Saturday, February 12, 2011

Go West, Young Fan, For Friday Upsets

For a night everything was good in Western New York's version of MAAC basketball, at least for the teams from that region, even if Friday's results didn't occur near the land of the world's best chicken wings.

Niagara and Canisius, teams that had struggled through much of the early part of the season, got victories on the same night. And they weren't exactly beating lower-division teams to do so.

Both the Purple Eagles and the Golden Griffins went on the road Friday night for wins, knocking off teams playing for standings' position near the upper portion of the conference hierarchy.

Niagara went to Loyola for a 59-57 victory over the Greyhounds. Purple Eagles' guard Anthonly Nelson made a layup with about 15 seconds remaining to give the winners a one-point lead and freshman guard Marvin Jordan made one of two free throws with 10 seconds remaining for the final margin. Loyola missed two shots in the final 15 seconds.

Nelson had 20 points while adding to his nation-leading steal total with five.

(And, an editor's note here to league coaches: Do not forget about Mr. Nelson when casting your post-season first-team all-conference ballots. Nelson might be the most-versatile player in the MAAC, as well as one of its best. He already is the first player in Niagara history to produce 1,000 points, 500 rebounds, 600 assists and 200 steals over a career. If you need further evidence, Nelson leads the entire country in steals this season.)

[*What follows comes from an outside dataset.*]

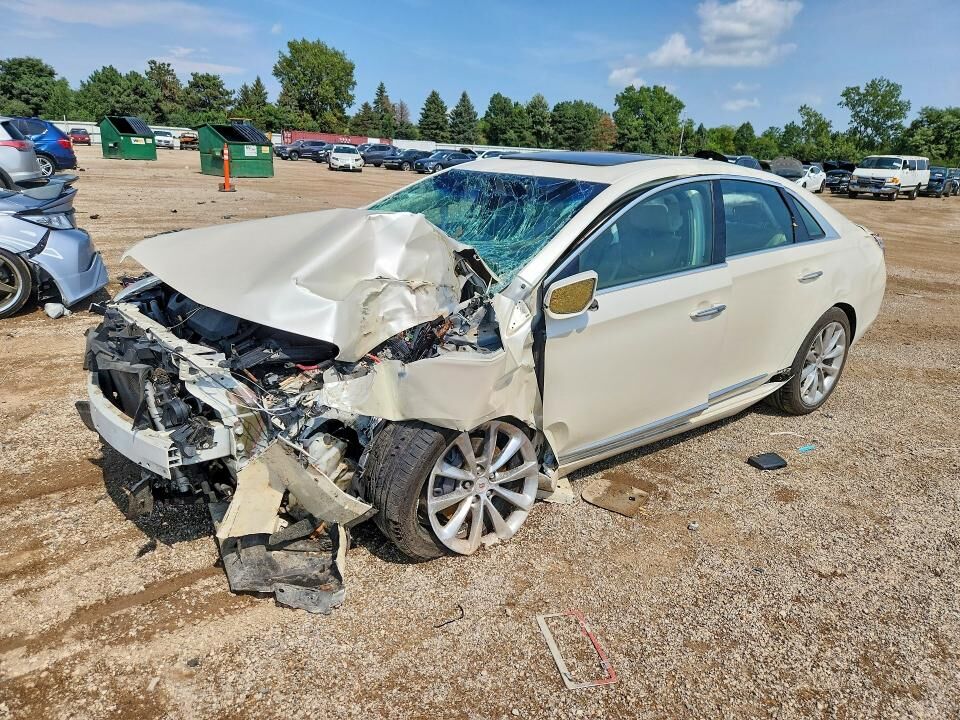 2013 CADILLAC XTS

The victory was the second straight for Niagara, which previously won at Marist on Super Bowl Sunday.

Loyola fell to 8-6 in MAAC play and into fifth place. Fairfield is still first at 12-2, followed by Saint Peter's (10-4) and, then, Rider and Iona (each 9-5).

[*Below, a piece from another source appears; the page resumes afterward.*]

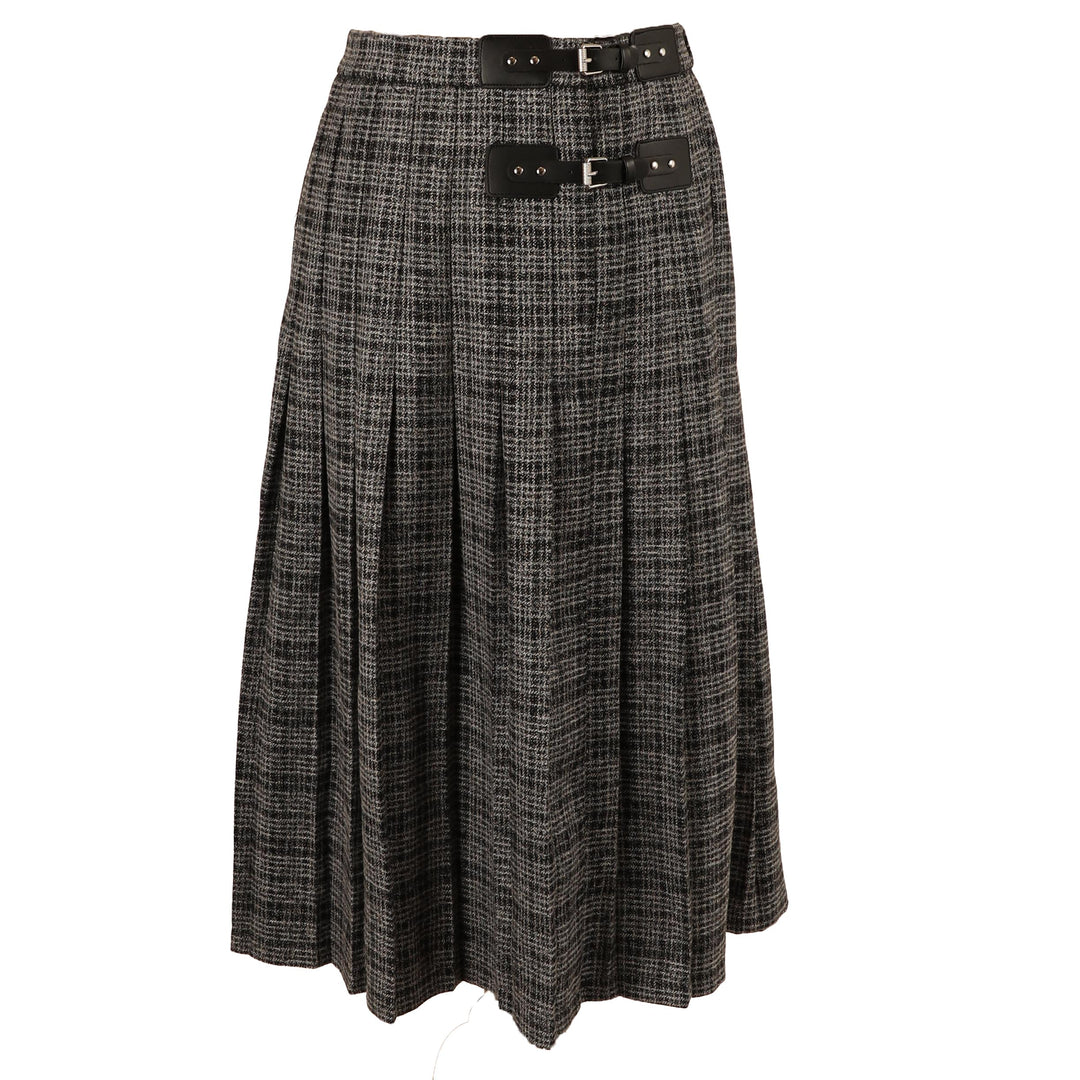HSK054 PLEAT SKIRT WITH BUCKLE DETAIL - BLACK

Rider had what looked like a nice opportunity to stay tied with St. Peter's for second place, but saw that slip away against resurgent Canisius, which has now won its last three games.

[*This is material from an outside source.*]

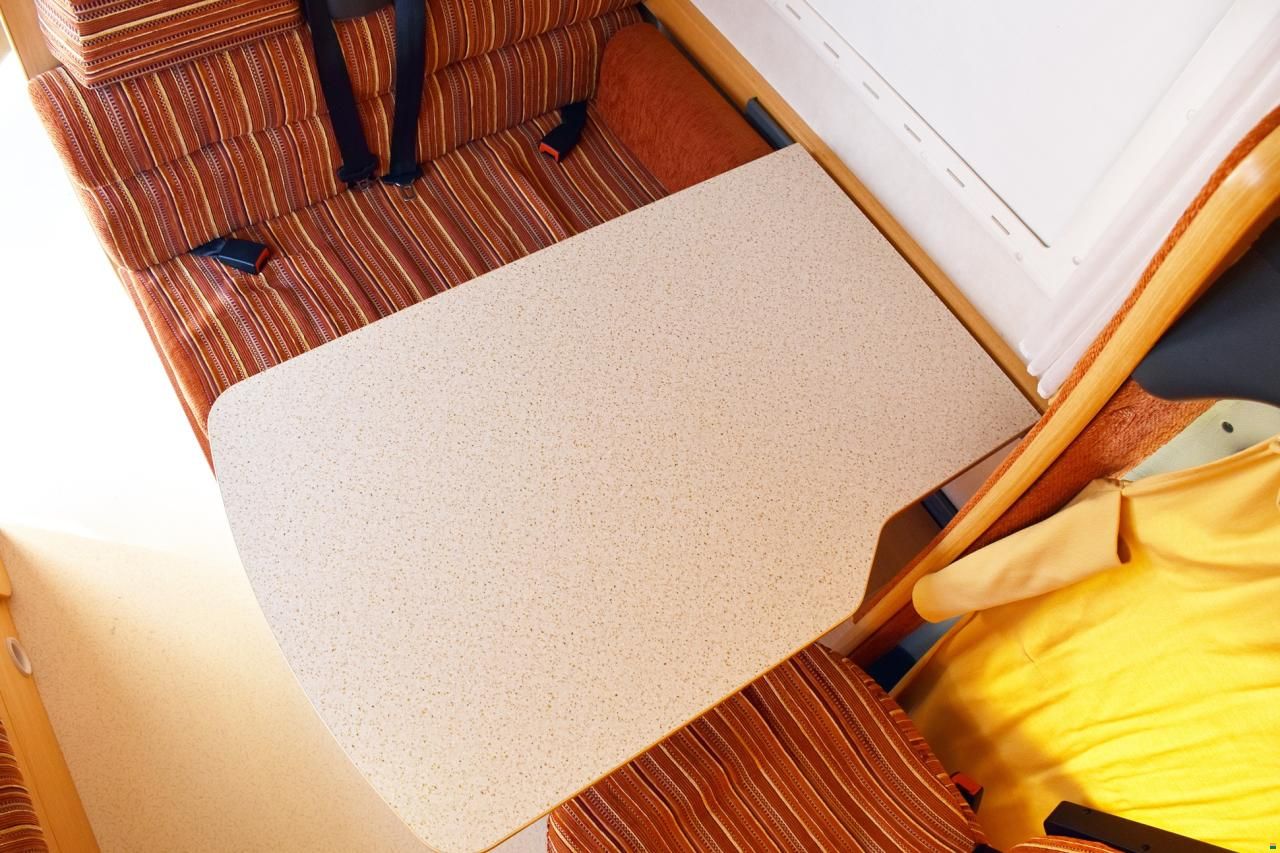 Challenger 163 2.8 JTD DIESEL ALKOVEN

The Golden Griffins, at Rider, knocked off the Broncs, 67-65 when sophomore guard Gaby Belardo sank a jumper with 7.8 seconds remaining and a Rider 3-point attempt bounced off the rim at the buzzer.

(Editor's Note: Belardo's game-winner was his third of the season, and league coaches should not forget him, either, when filling out all-MAAC ballots, at least for a second-, or third-team mention.)

Canisius is now 7-7 overall, moving it into a tie for sixth with Siena (which lost at Iona on Friday night) as it attempts to earn a first-round bye in the MAAC's post-season tournament for teams that finish in the top six spots in the final standings.

Think that's not big news on the Buffalo school's campus?

Let's put sixth place, and an above-.500 overall record (the Griffs are now 13-11 overall) in historical perspective.

Canisius has been in the post-season tournament's play-in round in every season since 1998-99, when it finished 11-7 in conference play. That is an unprecedented 11-year run of play-in round appearances.

And, the Griffs haven't been over .500 in regular-season play since a 20-11 record (but a 9-9 conference mark, which had them in 7th place) in the 2000-01 season.

Friday's victory at Rider was the first for Canisius at the Lawrenceville, N.J., campus since the series began in 1932. Of course the teams didn't begin playing regularly until Rider joined the MAAC in 1997, but the Broncs were 14-0 against Canisius over the years in their home games in the series.

It all reinforces the well-used, but perfect-fitting cliche that "On any given night..." which bodes well for an exciting stretch run to the regular-season and an interesting post-season tournament.

"There's nobody in the league as good as we were the last three or four years and there's no one as good as Siena was the last three or four years," Niagara coach Joe Mihalich told the Buffalo News earlier in the week. "If that's going to upset [Fairfield coach] Ed Cooley or [Iona coach Tim Cluess], that's OK."

"There's some really good teams in this league, I think there's four teams in this league who everyone thinks is going to win it," Mihalich added.

And, Mihalich's counterpart in Western New York, Canisius coach Tom Parrotta, agrees.

"I think Joe makes a valid point," Parrotta said. "There's a lot of teams out there capable of winning."

In truth, there are probably seven or eight teams harboring semi-legitimate dreams of winning the post-season tournament.

And after Friday's upset road victories, two of those teams call Western New York their home base.